11. Menjadikan masalah-masalah ushul (prinsip) yang disepakati (masalah-masalah ijma') – dan bukan masalah-masalah furu' ijtihadiyah (masalah-masalah khilafiyah) – sebagai standar dan parameter komitmen dan keistiqamahan seorang muslim. Jadi tidak dibenarkan misalnya kita menilai seseorang itu istiqamah atau tidak dan komit atau tidak, berdasarkan standar masalah-masalah khilafiyah. Sehingga misalnya akan dinilai istiqamah dan komit jika ia mengikuti madzhab atau pendapat tertentu, sementara akan dinilai tidak istiqamah dan tidak komit jika menganut madzhab atau pendapat yang lain. Begitu pula misalnya akan dinilai istiqamah dan komit jika ia selalu berpegang teguh melaksanakan pendapat dan madzhab pilihannya serta tidak mau berubah sama sekali dalam kondisi apapaun. Sedangkan jika ia dalam kondisi-kondisi tertentu bertoleransi dan berkompromi dengan pendapat dan madzhab lain, maka akan dinilai sebagai orang plin-plan, tidak berpendirian, dan tidak istiqamah (?). Tidak. Itu semua tidak benar. Bahkan yang benar adalah bahwa, siapapun yang menjalankan ajaran Islam sesuai standar batasan prinsip, maka ia adalah orang Islam yang istiqamah dan komit, apapun madzhab atau pendapat di antara madzhab-madzhab atau pendapat-pendapat ulama mu'tabar, yang diikuti dan dianutnya. Dan demikian pula sikap bertoleransi dan berkompromi sesuai kaidah dalam masalah-masalah khilafiyah ijtihadiyah adalah merupakan bagian dari bentuk dan bukti komitmen dan keistiqamahan itu sendiri!

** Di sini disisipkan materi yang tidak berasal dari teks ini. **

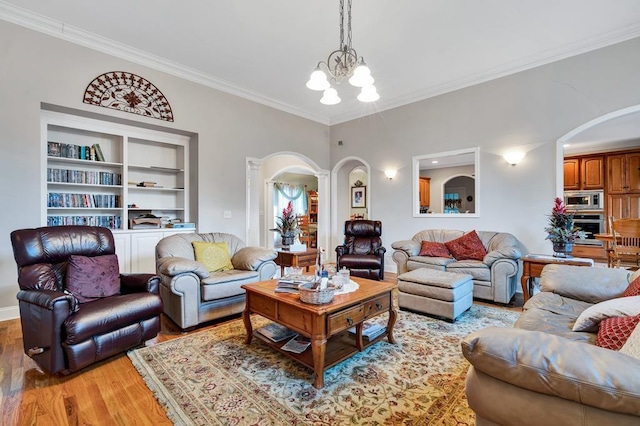 living room featuring ornamental molding, light hardwood / wood-style flooring, an inviting chandelier, and built in shelves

12. Menjaga agar ikhtilaf (perbedaan) dalam masalah-masalah furu' ijtihadiyah tetap berada di wilayah wacana pemikiran dan wawasan keilmuan, dan tidak masuk ke wilayah hati, sehingga berubah mejadi perselisihan perpecahan (ikhtilafut- tafarruq), yang akan merusak ukhuwah dan melemahkan tsiqoh (rasa kepercayaan) di antara sesama kaum mukminin.
13. Menyikapi orang lain, kelompok lain atau penganut nadzhab lain sesuai kaidah berikut ini: Perlakukan dan sikapilah orang lain, kelompok lain dan penganut madzhab lain sebagaimana engkau, kelompok dan madzhabmu ingin diperlakukan dan disikapi! Serta janganlah memperlakukan dan menyikapi orang lain, kelompok lain dan pengikut madzhab lain dengan perlakuan dan penyikapan yang tidak engkau inginkan dan tidak engkau sukai untuk dirimu, kelompokmu atau madzhabmu!